Carf adia para 2017 julgamento bilionário da BM&FBovespa

O Conselho Administrativo de Recursos Fiscais (Carf) deverá concluir somente no próximo ano o julgamento de uma autuação de R$ 1,1 bilhão recebida pela BM&FBovespa, referente a amortização de ágio. Por causa do problema de saúde de uma conselheira, representante dos contribuintes, o julgamento marcado para a sessão de ontem na 1ª Turma da Câmara Superior foi adiado para janeiro.
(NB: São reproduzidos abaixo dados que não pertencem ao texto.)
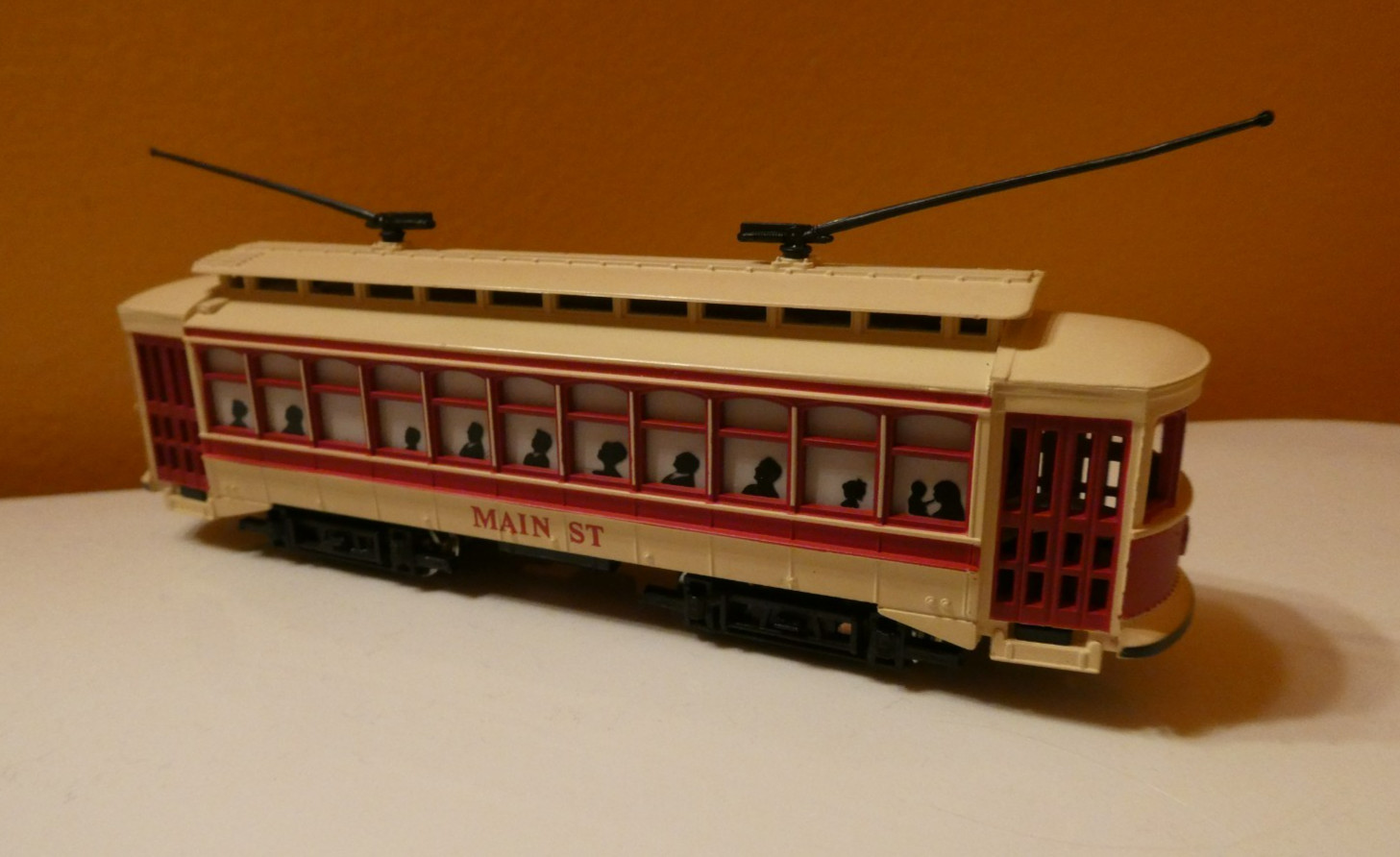 Bachmann Brill Trolley & Mantua Santa Fe Engine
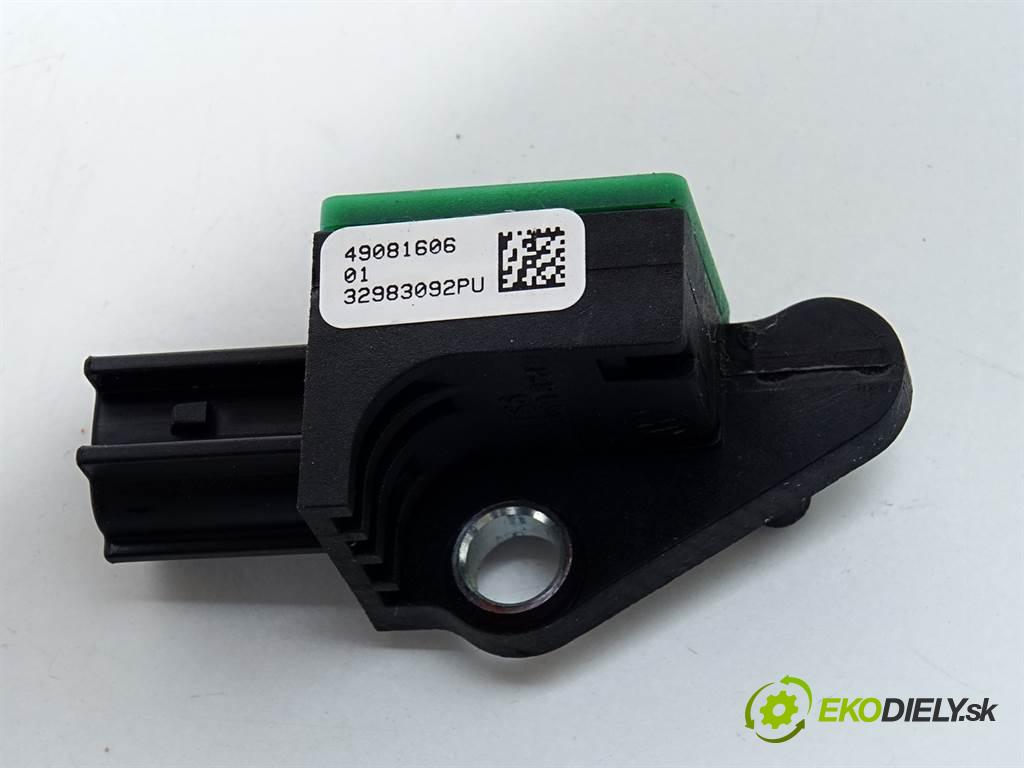 Volkswagen Tiguan I    2.0TDI 4MOTION 140KM 07-11  Snímač nárazu 5N0959351B (Snímače nárazu)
Outros seis processos também foram adiados pelo mesmo motivo. Os processos saíram de pauta em uma situação "atípica", segundo afirmou na sessão o conselheiro que preside a turma, Marcos Aurélio Pereira Valadão. Estavam na pauta de ontem oito processos com pedido de vista. Portanto, já estavam iniciados, com defesas orais apresentadas e votos dos relatores lidos.
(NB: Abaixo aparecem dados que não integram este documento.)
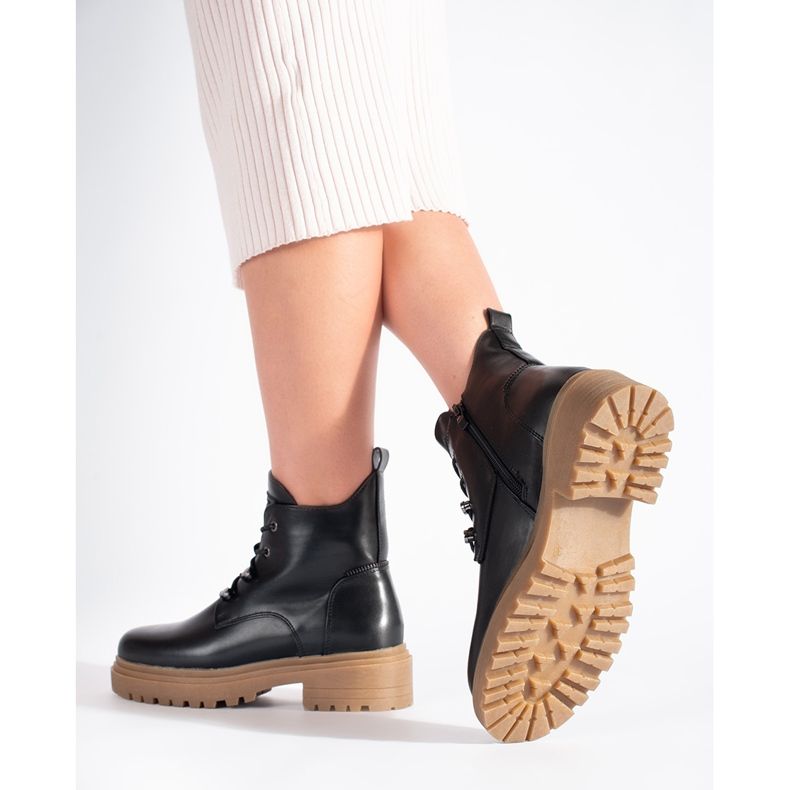 Svarta ankelboots med snörning och beige sula från Sergio Leone 2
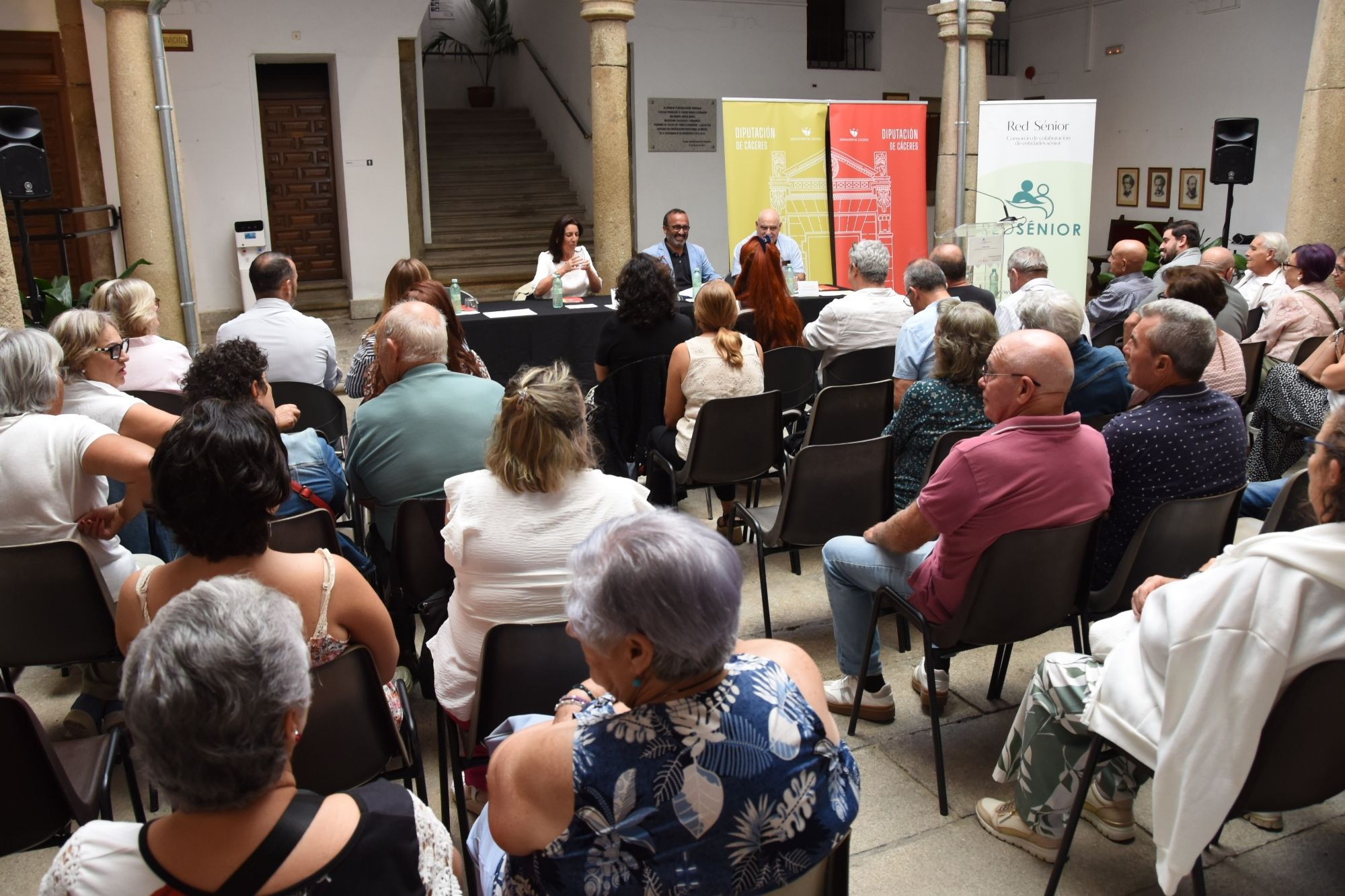 'IA Senior', el innovador proyecto que impulsará la formación entre las personas mayores de Cáceres (Diputación de Cáceres / Europa Press)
Com a ausência da conselheira Daniele Souto Rodrigues Amadio poderia ser necessário recomeçar os julgamentos, para que o suplente pudesse ter acesso às sustentações orais. Além da ausência, um dos suplentes que a substituiria também não pode estar presente, por um problema com o voo. Havia outra conselheira disponível, mas ela estava impedida em alguns casos.

Pelas circunstâncias, inicialmente, a expectativa era que os processos fossem adiados para o dia seguinte, para serem julgados com a participação de Daniele. Porém, Valadão resolveu questionar cada advogado, na sessão, sobre o que preferiam – o adiamento para janeiro ou a renovação do julgamento. Somente um deles optou pelo reinício.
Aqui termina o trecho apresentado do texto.